1. Agree with previous poster, 130m2 allotment size is not too small for a 2bedder. We've got one at the moment which are on 92m2 and they are 2 bedroom townhouses. Not a 'spacious' townhouse but with clever design it can turn out quite well.
2. Research the target market. If its primarily young families then yes it would be ideal (you could even have one of those half bath tubs these days - ie. not a full length one). If its young professionals then you could probably do without it as they're usually the ones that might not yet have kids and when they do decide to start a family they might consider moving into something else. I don't think a bathtub (not having one) has ever been a deal breaker for us so i would go without the bath-tub and aim for a 2nd toilet instead or utilise the space for storage which is always lacking in these dog box type homes :)
3. The only time we use a town planner/planning consultant is if the development isn't quite fully complying and there are obstacles to overcome in either meeting the development plan objectives or other planning related issues. If its pretty well a complying development in that you meet all the requirements then save your money and do it yourself (unless you aren't comfortable in doing so of course).
4. You don't need a project manager, all you need is to engage in the various consultant/services required in such a development and let the experts do their jobs. So in something like this, you would need a draftsman/archi to come up with the plans, Surveyor for the land division, engineer for site drainage plans, soil report, footing construction report, footing inspections etc, builder who pretty much manages the construction side of things until handover, conveyancer for the land division and possibly someone to do your 6 star energy efficiency report (may not be a requirement where you are).

Hi Mamaof3,

Thanks for your great input.
2. Other than the census and suburb profile is there any other ways to find out these details?

3. So you recommend getting a town planner only when issues arise? e.g the council rejects the 6 units or request significant changes? I can see the importance of having one especially considering its my first project. However it is not an insignificant costs and given my architect has a similar project approved i might get away with not having one?
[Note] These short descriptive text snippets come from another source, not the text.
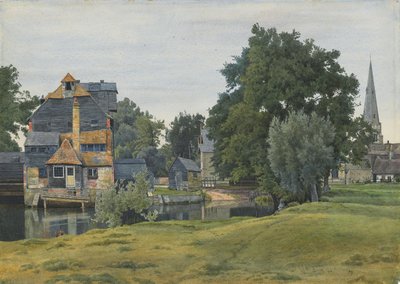 Moulin de Houghton, près de St Ives, Huntingdonshire, 1889 - William Fraser Garden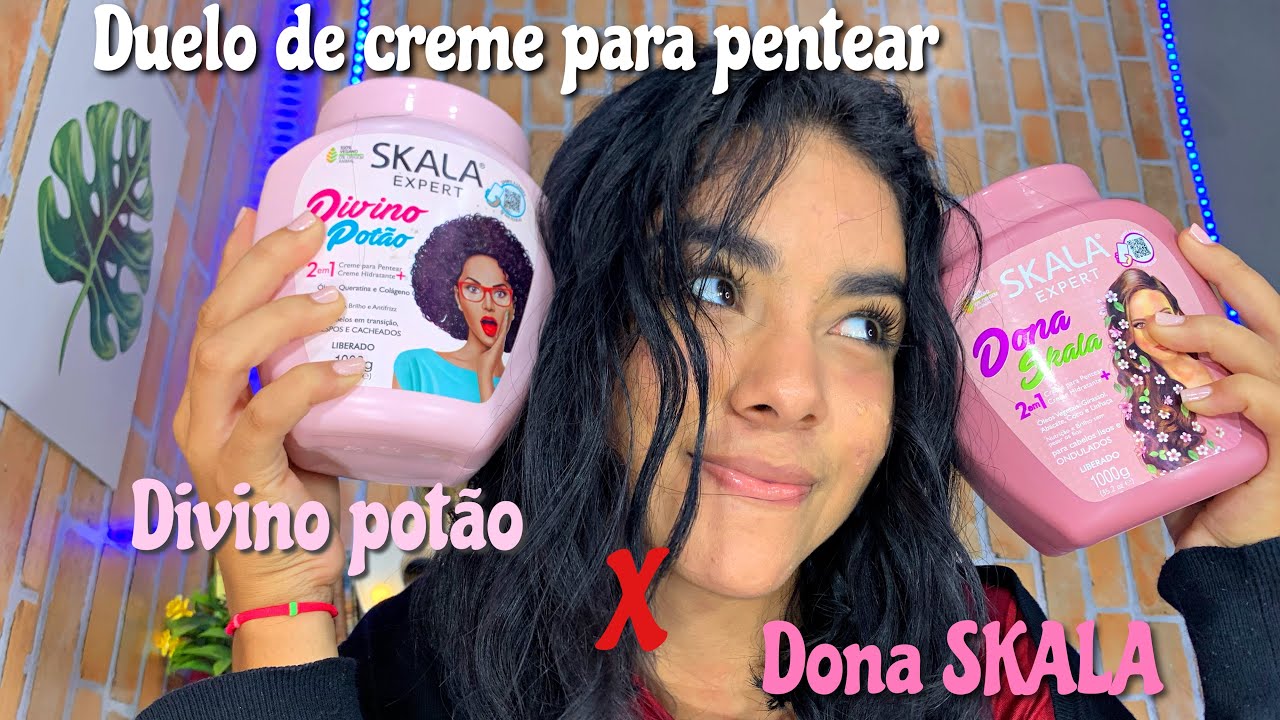 Divino potão vs Dona skala no meu cabelo ondulado 2b (e bom mesmo?)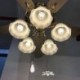 Fekete - Mennyezeti ventilátor lánc gyöngyös golyós ventilátor húzza lánc 13,6 &quot ventilátor húzza meg dekoráció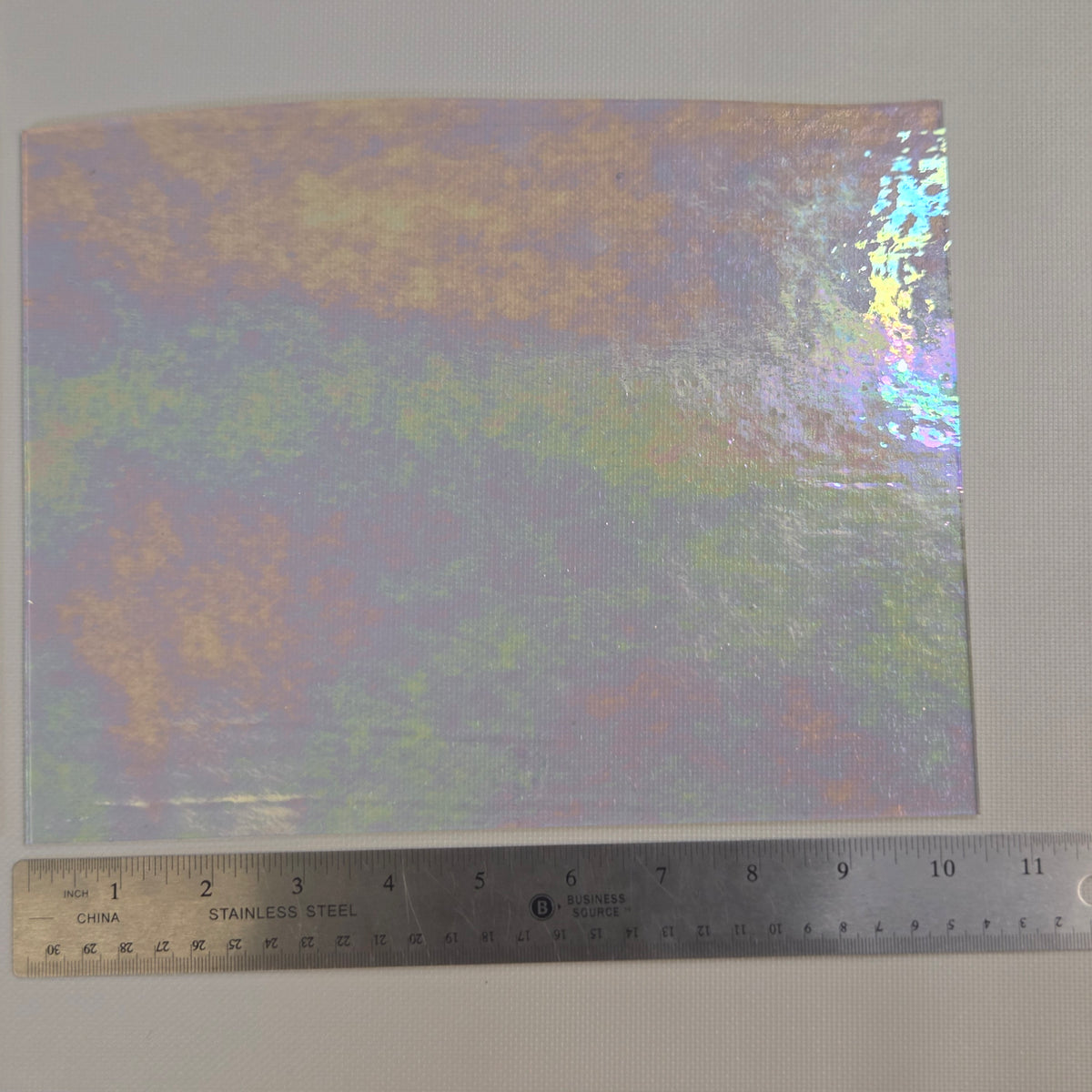 Clear Iridescent Luminescent Wissmach 96 Stained Glass – 2 Sheet Packs | 2 Size Options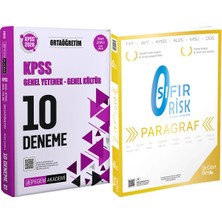 Pegem Akademi Yayıncılık 345 - Paragraf Sıfır Risk - 2026 Kpss Ortaöğretim 10 Deneme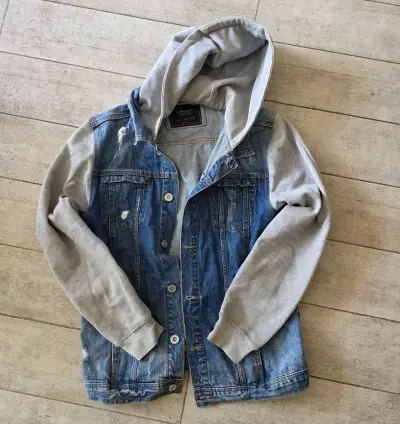 Chaqueta mezclilla con capucha ZARA - miniatura 1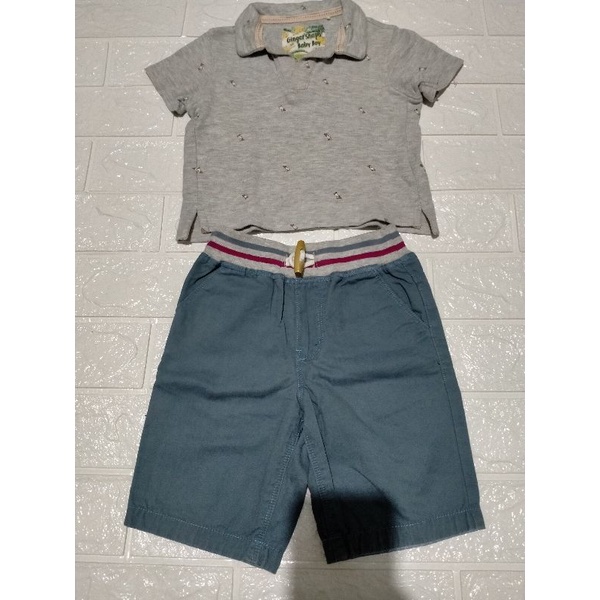Preloved Set Gingersnaps Baby 2in1 Preloved Setelan Anak GS Preloved Kaos Polo Gingersnaps Preloved 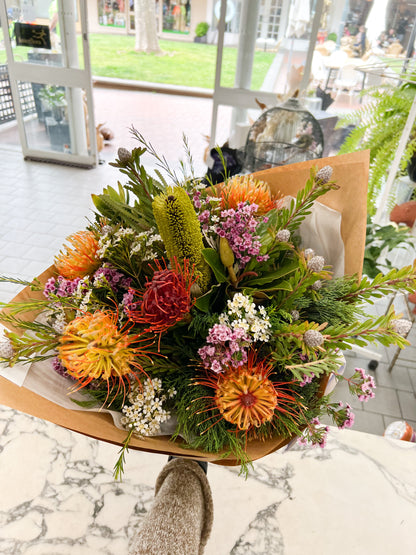 long lasting locally sourced native flower bouquet in Canberra and Queanbeyan
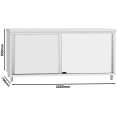 Commercial Stainless Steel Sliding Door Work Table Cabinet 2000x700x850mm | CaterEq CEQNH334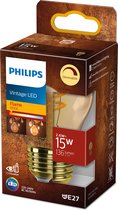 Philips LED Kogellamp Spiraal Goud - 15 W - E27 - Dimbaar extra warmwit licht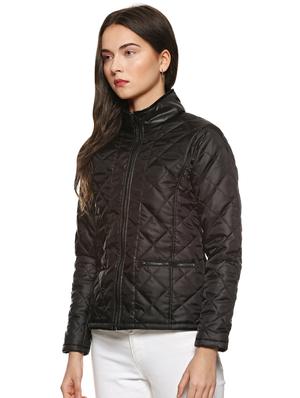 zip up quilted jacket - 15854332 - Standard Image - 2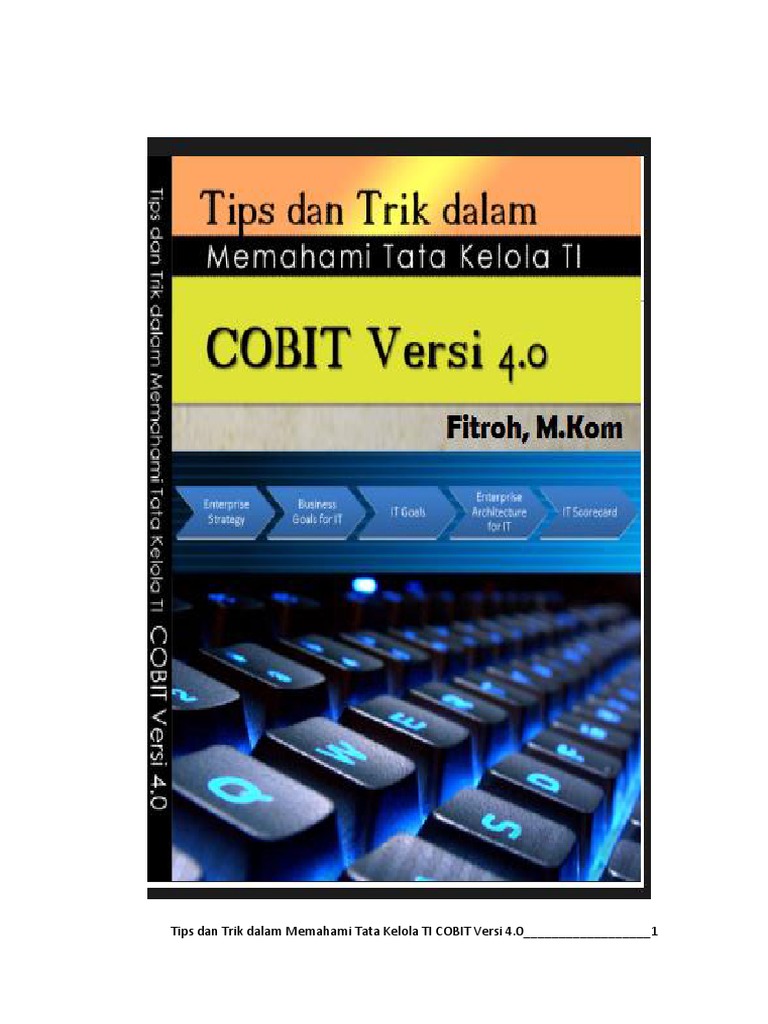 Tata Kelola TI Menggunakan COBIT Domain PO Dan AI | PDF | Bisnis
4. I am definitely willing to manage the project myself and I understand the steps involved, but again being my first investment/project i dont want to make any stupid mistakes or overlook anything. Hopefully through my continuous research and from the advice given from the more experienced, i avoid any crippling mistakes.
 
I can't see the benefit in a town planner for you. Sounds like you have a gun architect who's been able to push the boundaries in the council that you're looking to deal with. What more do you expect to gain from employing a town planner? I think you're already past that stage, you have 5 as a back up and are pushing for 6.
 
I can't see the benefit in a town planner for you. Sounds like you have a gun architect who's been able to push the boundaries in the council that you're looking to deal with. What more do you expect to gain from employing a town planner? I think you're already past that stage, you have 5 as a back up and are pushing for 6.

Thanks Brady, I think I will be ok without one.